EMR Cluster Configuration and Scaling

Last Updated : 10-Oct-2020

This article is about choosing between the various compute options of master, core and task nodes on EMR clusters based on the workload profile

Instance Fleets vs Instance Groups

Instance Groups are limited to one instance type and one purchase type (reserved, demand, spot, etc) per group

Instance Fleets support multiple instances and multiple payments types and hence offer more flexibility and possible efficiency in matching the workload demands to compute resources available.

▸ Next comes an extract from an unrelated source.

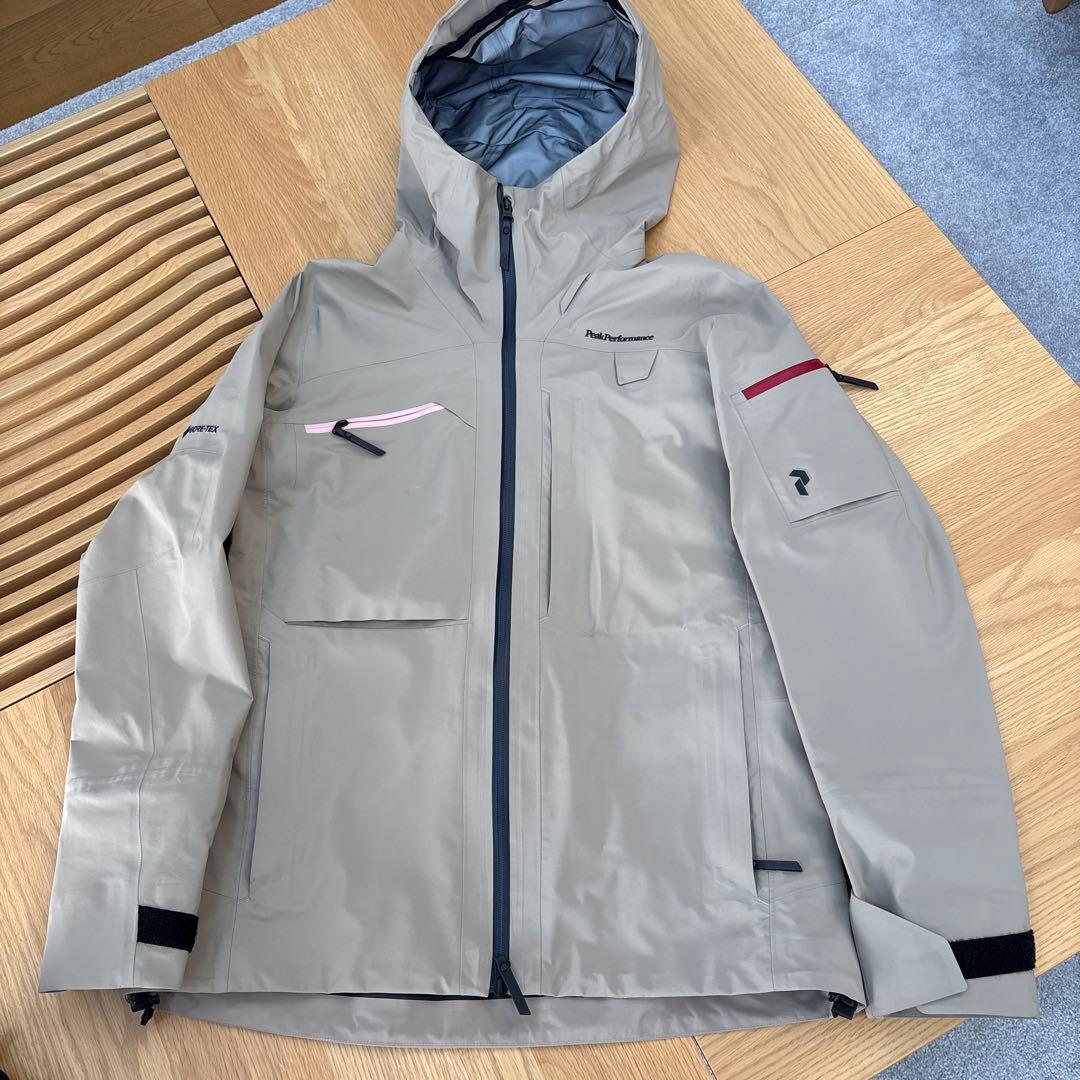 ichikawaさま専用お値下げ‼️peak performance超美品‼️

What Instance Type Should You Use?

There are several ways to add EC2 instances to a cluster, which depend on whether you use the instance groups configuration or the instance fleets configuration for the cluster.

Instance Groups

  • AUTOMATIC: Set up automatic scaling in Amazon EMR for an instance group, adding and removing instances automatically based on the value of an Amazon CloudWatch metric that you specify. For more information, see Scaling Cluster Resources.
  • MANUAL GROUP UPDATE: Manually add instances of the same type to existing core and task instance groups.
  • MANUAL ADD GROUPS: Manually add a task instance group, which can use a different instance type.

Instance Fleets

  • Add a single task instance fleet.
  • Change the target capacity for On-Demand and Spot Instances for existing core and task instance fleets.

Node Types

The master node type, which assigns tasks, doesn’t require an EC2 instance with much processing power. Consider using an m4.xlarge, or m5.xlarge.

EC2 instances for the core node type, which process tasks and store data in HDFS, need both processing power and storage capacity.  m5.xlarge is typical

EC2 instances for the task node type, which don’t store data, need only processing power. m5.xlarge is typical

Core Nodes on Spot Instances

Core nodes process data and store information using HDFS. Terminating a core instance risks data loss. For this reason, you should only run core nodes on Spot Instances when partial HDFS data loss is tolerable.

When you launch the core instance group as Spot Instances, Amazon EMR waits until it can provision all of the requested core instances before launching the instance group. In other words, if you request six Amazon EC2 instances, and only five are available at or below your maximum Spot price, the instance group won’t launch

Task Nodes on Spot Instances

The task nodes process data but do not hold persistent data in HDFS. If they terminate because the Spot price has risen above your maximum Spot price, no data is lost and the effect on your cluster is minimal.

When you launch one or more task instance groups as Spot Instances, Amazon EMR provisions as many task nodes as it can, using your maximum Spot price. This means that if you request a task instance group with six nodes, and only five Spot Instances are available at or below your maximum Spot price, Amazon EMR launches the instance group with five nodes, adding the sixth later if possible.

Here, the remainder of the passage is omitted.